Два случая, которые я вспоминаю, не только могут послужить примером практического применения изложенного выше хода мыслей, они также обнаруживают и примечательную схожесть. Речь идет о двух мужчинах, которые в своих разговорах выражали намерение покончить с собой. Оба объясняли его одинаково и вполне типично: «Мне больше нечего ждать от жизни». И все-таки удалось доказать каждому из них: жизнь чего-то ждет от него самого, что-то важное ждет его в будущем. И действительно, оказалось, что одного ждал на чужбине его обожаемый ребенок. Другого не ждал никто персонально, но его ждало дело. Он был ученым, готовил и издавал серию книг; она осталась неоконченной. Сделать эту работу вместо него не мог бы никто, в ней он был, собственно говоря, так же незаменим, как отец незаменим для своего ребенка. Единственность, уникальность, присущие каждому человеку, определяют и смысл каждой отдельной жизни. Неповторим он сам, неповторимо то, что именно он может и должен сделать – в своем труде, в творчестве, в любви. Осознание такой незаменимости формирует чувство ответственности за собственную жизнь, за то, чтобы прожить ее всю, до конца, высветить во всей полноте. Человек, осознавший свою ответственность перед другим человеком или перед делом, именно на него возложенным, никогда не откажется от жизни. Он знает, зачем существует, и поэтому найдет в себе силы вытерпеть почти любое «как».
Слово, сказанное вовремя
Меньше всего возможностей было, конечно, для коллективной психотерапии. И гораздо больше, чем слово, действовал здесь пример. Был у нас один староста блока – не похожий на других, достаточно человечный. Он оказывал глубокое влияние на заключенных, ободрял их своей собственной стойкостью и силой духа. Его поведение было убедительнее слов. Но бывали обстоятельства, когда и слово становилось действенным, вызывало внутренний отклик, рождало ответное эхо. Я вспоминаю один случай, который вызвал у обитателей барака готовность к чему-то вроде общей беседы, приобретшей психотерапевтическое значение.

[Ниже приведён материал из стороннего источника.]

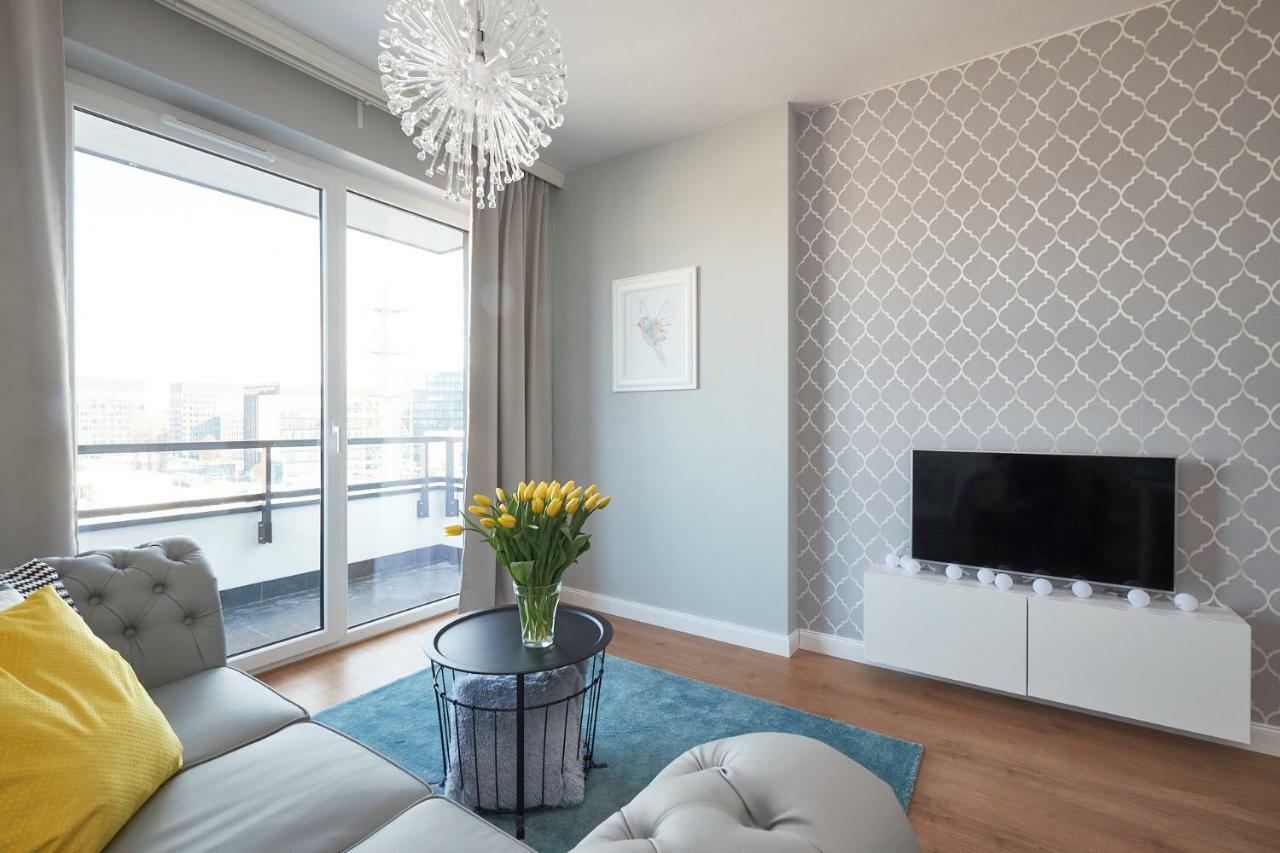 Good Time Apartment وارسو المظهر الخارجي الصورة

Это был скверный день. Только что на плацу нам было объявлено, что многие наши поступки будут отныне расцениваться как саботаж и наказываться немедленным повешением. К списку таких преступлений относилось теперь очень многое, например отрезание узких полосок от наших ветхих одеял – что мы часто делали (эти полоски служили нам подобием обмоток для утепления ног). Само собой, саботажем считалось и малейшее «воровство». А за несколько дней до этого один полумертвый от голода заключенный пробрался в картофельный бункер, пытаясь разжиться парой килограммов картофеля. «Взлом» был обнаружен, и от заключенных потребовали, чтобы они сами установили «преступника», иначе весь лагерь на целый день будет лишен еды. Естественно, 2500 заключенных предпочли лучше поголодать, чем увидеть своего товарища повешенным.
К вечеру этого дня мы все лежали на нарах, и настроение у нас было особенно плохое. Мы мало говорили, каждое слово раздражало. А тут еще свет погас, и наше раздражение достигло предела. И тогда староста, человек умный, завел разговор о том, что, пожалуй, втайне было в мыслях у каждого: о наших товарищах, которые в последние дни умерли от болезней или наложили на себя руки. Он сказал, что, видимо, в основе всех этих смертей лежал отказ от противостояния, отказ от самих себя. Он хотел знать наше мнение об этом – и о том, можно ли как-нибудь предотвратить новые жертвы, защитить людей от такого самоуничтожения. И он обратился ко мне. Видит Бог, я вовсе не был в том состоянии духа, когда хочется давать научные разъяснения, утешать кого-то, оказывать врачебную психотерапевтическую помощь. Мне тоже было до жути голодно и холодно, я тоже был слаб и раздражен. Но я был обязан как-то собраться с силами и не упускать этой необычной возможности: моим товарищам по бараку утешение было сейчас необходимее, чем когда-либо.